What controls the flow resistance of rough-bed rivers? Major new advances from high-resolution topography

Being able to predict the depth and speed of water in a river channel is important for managing in-channel engineering, predicting sediment transport and flood risk, planning river restoration, prescribing minimum flows to preserve river habitats, and predicting carbon dioxide efflux. To make these predictions, we need to understand how the roughness of a river channel's bed and banks slows down the flow within it, i.e. the flow resistance of the channel. We commonly assume that sediment particles are the most important objects obstructing flow in river channels, and we represent their effect using the size of the larger particles relative to the flow depth . This assumption predicts flow resistance reasonably well in larger rivers where particles are small compared to the flow depth. But in headwater streams, which make up 77% of all river networks, flow is usually not much deeper than the largest bed particles. Even the best existing methods for predicting river speed and flow volume from depth, or depth and speed from flow volume, are very unreliable in these conditions, with predictions commonly being wrong by a factor of two. For comparison, predictions of how flow depths will change under climate change scenarios have about half this degree of uncertainty.
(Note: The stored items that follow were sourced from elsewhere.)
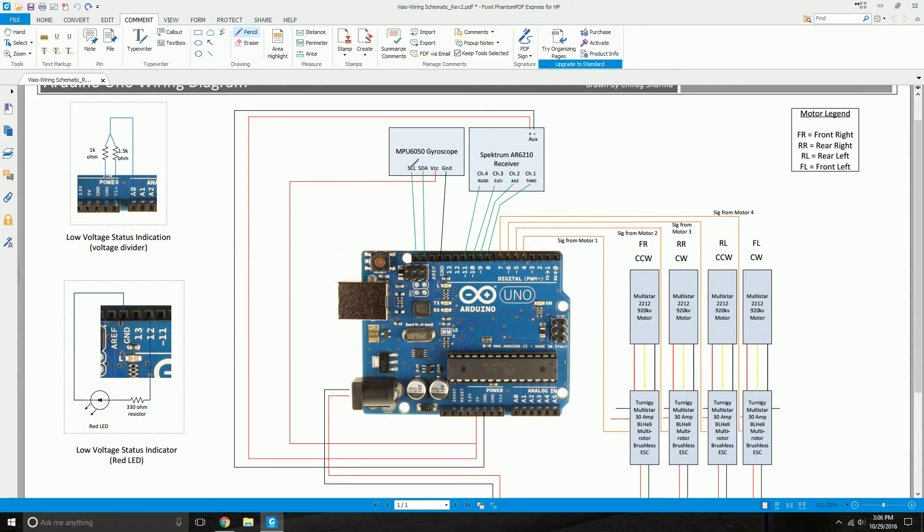Next, the SCL — which is the clock pin of the gyroscope — connects to the SCL port on your Arduino. And the SDA, which is the data line, connects to the SDA port on your Arduino microcontroller.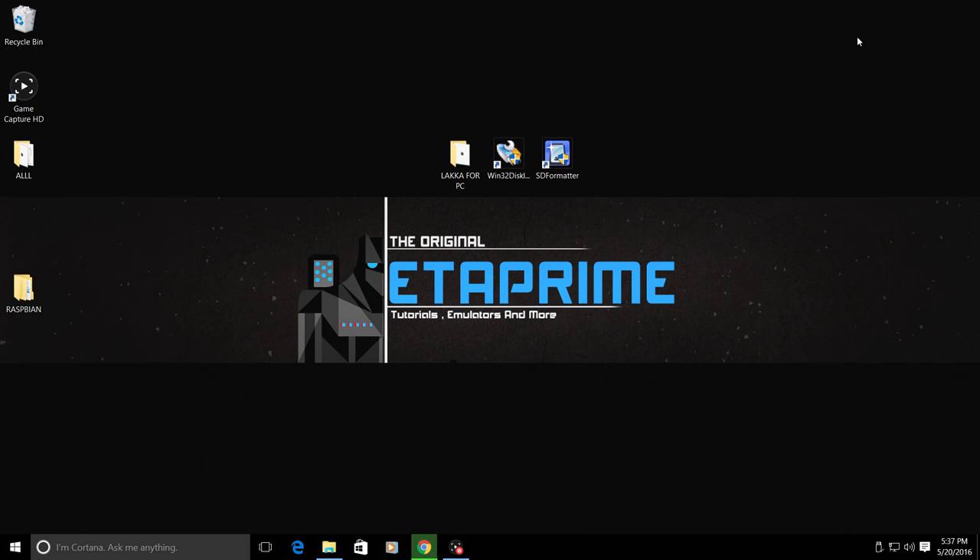Hey, what's going on guys, it's ETA Prime back here again. Today I want to show you how to install Lakka on a USB drive. You can take this USB drive, plug it into any PC, boot from it, and have Lakka running without needing to install to a hard drive. I tested it on two PCs - one was an i7 2600 with an AMD R9 270X and all emulators ran at full speed.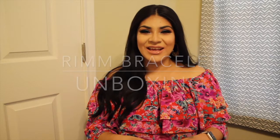Hey guys, welcome back to my channel! Today we'll be unboxing a bracelet from Rim Bracelets. I was too excited and already opened it. The product is so cute — I think that's the best way to describe how I feel about it. The packaging itself is really, really great.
It is difficult to predict the flow resistance of rivers where flow is shallow compared to the largest bed particles because their channels contain lots of different obstacles of different shapes and sizes, including sediment, boulders, patches of exposed bedrock, and irregular banks. The size of the larger particles alone does not reliably represent the combined effect of the many different objects obstructing the flow, and so it is not surprising that it produces poor predictions of flow resistance. However, the community continues to use particle size because there are still no good alternatives. Despite a long history of research, better alternatives have not been developed because we still do not understand the processes by which different sizes of obstacles slow down the flow. In particular, we do not know what sizes of obstacles have most impact (e.g. one large boulder compared to several smaller ones), nor what the combined impact is of multiple obstacles of different types and sizes. Progress has been severely limited by the difficulty of measuring both channel topography and flow properties. But, recent advances in field measurements, flume techniques and numerical modelling mean that for the first time we can acquire the datasets that are essential to make a step change in predicting flow resistance and all that follows from it.
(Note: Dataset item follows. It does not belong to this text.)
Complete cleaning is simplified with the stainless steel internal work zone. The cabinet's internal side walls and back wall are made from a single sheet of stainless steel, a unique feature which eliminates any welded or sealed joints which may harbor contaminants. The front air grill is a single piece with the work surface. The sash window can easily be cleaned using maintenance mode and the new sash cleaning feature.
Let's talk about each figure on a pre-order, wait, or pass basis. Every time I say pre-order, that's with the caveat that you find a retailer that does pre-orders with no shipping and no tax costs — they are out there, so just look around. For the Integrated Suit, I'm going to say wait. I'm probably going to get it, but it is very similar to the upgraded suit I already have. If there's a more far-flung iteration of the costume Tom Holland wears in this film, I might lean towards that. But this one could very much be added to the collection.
In this project we will use state of the art technologies for measuring river channel topography at high resolution in the field (terrestrial laser scanning, shallow-water multi-beam sonar) to produce the first comprehensive dataset of rough-bed river topographies, and will use statistical methods to describe the roughness of their beds and banks. We will select representative channels from this dataset, and replicate them in a laboratory flume by 3-D milling them at a reduced scale. In the flume we will sequentially add boulders, sediment and rough banks, and measure how each component affects flow depth and flow resistance. We will also use new numerical modelling methods to simulate flow properties in channels that we have manipulated so that they only contain certain topographic scales, thus allowing us to identify the most important sizes of obstacle. The combined flume and numerical modelling experiments will allow us to determine the physical basis for how different sizes and types of obstacles in a channel combine to set the total flow resistance. From this understanding we will produce new approaches for how best to predict flow speed, depth or volume. Overall, this project will provide a fundamental step change in understanding and prediction of flow in rivers.